Bauhaus at 100: 5 key lines from the school of design

OPEN DESIGN

Simplicity. Functionality. Clean lines. These are just some of the principles that the Bauhaus school gave to the world, and from your IKEA bookshelf to your Apple iPhone, they continue to influence design today. But clean lines aren’t the only ones the school is famous for. As the world celebrates the 100th anniversary of the birth of Bauhaus, here are 5 other lines said by some of the school’s most famous artists and designers.

Architects, sculptors, painters, we all must return to craftsmanship!

Walter Gropius’s 1919 Bauhaus Manifesto was the school’s founding document and presaged our own decade’s current fashion for value-driven manifestos in business and culture. His call for artists to return to their crafts and help design a better world for real people saw design as delivering hope in the future.


It is much better to have just one idea, and if the idea is clear, then you can fight for it. That is how you can get things done.

Though he’s much more famous for pithier aphorisms like Less is more and God is in the details, this quote by Ludwig Mies van der Rohe could be a guiding principle for anybody in communication, management and politics. In Germany, America and the world, the Bauhaus director helped make glass and steel architecture the defining style of the 20th century.
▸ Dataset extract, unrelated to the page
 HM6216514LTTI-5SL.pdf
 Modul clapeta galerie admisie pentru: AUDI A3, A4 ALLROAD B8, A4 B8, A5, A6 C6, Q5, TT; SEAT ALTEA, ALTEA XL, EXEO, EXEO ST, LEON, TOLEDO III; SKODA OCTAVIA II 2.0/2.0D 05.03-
The illiterate of the future will be the person ignorant of the use of the camera as well as the pen.

Like Mies van der Rohe, Hungarian artist and Bauhaus teacher Laszlo Moholy-Nagy also emigrated to Chicago after the school’s closure in 1933 to spread the legacy of Bauhaus throughout America. Today, with a 20-megapixel camera on everybody’s pocket mobile phone and the dominance of visual media on the web and Instagram, it’s clear that few people understood the future of media and communication better than Moholy-Nagy.


1. sex life, 2. sleeping habits, 3. pets, 4. gardening, 5. personal hygiene, 6. weather protection, 7. hygiene in the home, 8. car maintenance, 9. cooking, 10. heating, 11. exposure to the sun, 12. services – these are the only motives when building a house.

Whether or not that’s the order of your priorities when living in a house, this design philosophy spelled out by Swiss-born architect Hannes Meyer clearly demonstrates the Bauhaus insistence on functionality in architecture.


A drawing is simply a line going for a walk.

Swiss-born artist Paul Klee taught at the Bauhaus for 10 years, and this lesson from his Pedagogical Sketchbook, a curriculum he designed for his art students at Bauhaus, remains one of his most playful, simple statements about art.



So, happy birthday, Bauhaus! You’re still influencing how we think about design at Prodir today.